Los
ocho años de gobierno del presidente Juan Manuel Santos, en Colombia, están en
su crepúsculo. Su logro más conocido en el mundo y reconocido con el Premio
Nobel de Paz fue la desmovilización de una vieja guerrilla; sin embargo, en
otros ámbitos, sus logros son discretos y, en particular en la educación, su gobierno
deja como balance algo parecido a un desastre cultural. Varios datos
elementales son señal de un evidente retroceso de la educación y la
investigación en Colombia.
Para
empezar, el sistema universitario colombiano sigue teniendo una tasa de
cobertura muy rezagada en comparación con otros países de América del sur, está
muy atrás de Chile, Brasil y Argentina. Esos países, por demás, han sido en el
último decenio grandes receptores de estudiantes colombianos que buscan
condiciones menos desventajosas para asegurar una formación de posgrado.

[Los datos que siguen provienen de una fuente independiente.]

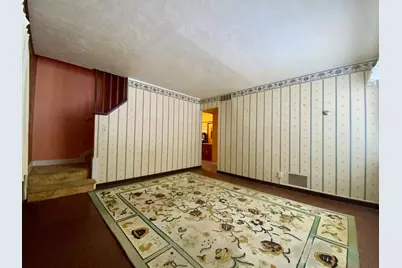 282 Oak Drive, Coraopolis, PA 15108 - Photo 2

Durante los gobiernos de Uribe Vélez (2002-2010) y Santos (2010-2018), se
afianzó un modelo privado, y por supuesto muy oneroso, en la matrícula para
estudios de maestría y doctorado, y esa es quizás la principal causa de la ya
conocida diáspora de jóvenes colombianos por el resto de América latina.
Durante
el gobierno de Santos aumentó la brecha de matrículas de estudiantes entre
universidades públicas y universidades privadas; hoy en día se estima que las
últimas abarcan casi el 55% de estudiantes matriculados y las públicas están
recibiendo el porcentaje restante. Eso indica un debilitamiento del sistema de
universidades públicas. El presupuesto para las universidades públicas es
deficitario y eso tiene ostensible expresión en la ruinosa situación de
edificios e instalaciones de varias universidades públicas mientras que las
universidades privadas realizan ambiciosos proyectos inmobiliarios en las
principales ciudades.
El
balance desastroso lo completa el declive académico y financiero de
Colciencias, la institución encargada de guiar y sostener el sistema de
investigación en Colombia. Un titular de la prensa colombiana fue lapidario al
respecto: en investigación han sido “ocho años perdidos”. En ese lapso, ha
habido el mismo número de directores. Ninguno de ellos ha logrado definirle un
derrotero a ese organismo y, al contrario, nos hemos acostumbrado a una
historia de incoherencias, de cambios abruptos en sus criterios y prioridades
pero, aún peor, a una sistemática disminución de su presupuesto. De modo que tenemos
como resultado una institución incapacitada económica y académicamente para liderar
la política investigativa del país.
Quien
sea el próximo presidente de Colombia tiene un gran desafío en la reorientación
de la política educativa e investigativa del país. Mientras tanto, quienes somos
agentes centrales del funcionamiento del sistema universitario público
colombiano necesitamos proponer soluciones que enderecen la decadencia de
nuestras universidades y que pongan el acento en la creación de una nueva
estructura institucional para orientar la investigación y la creación artística.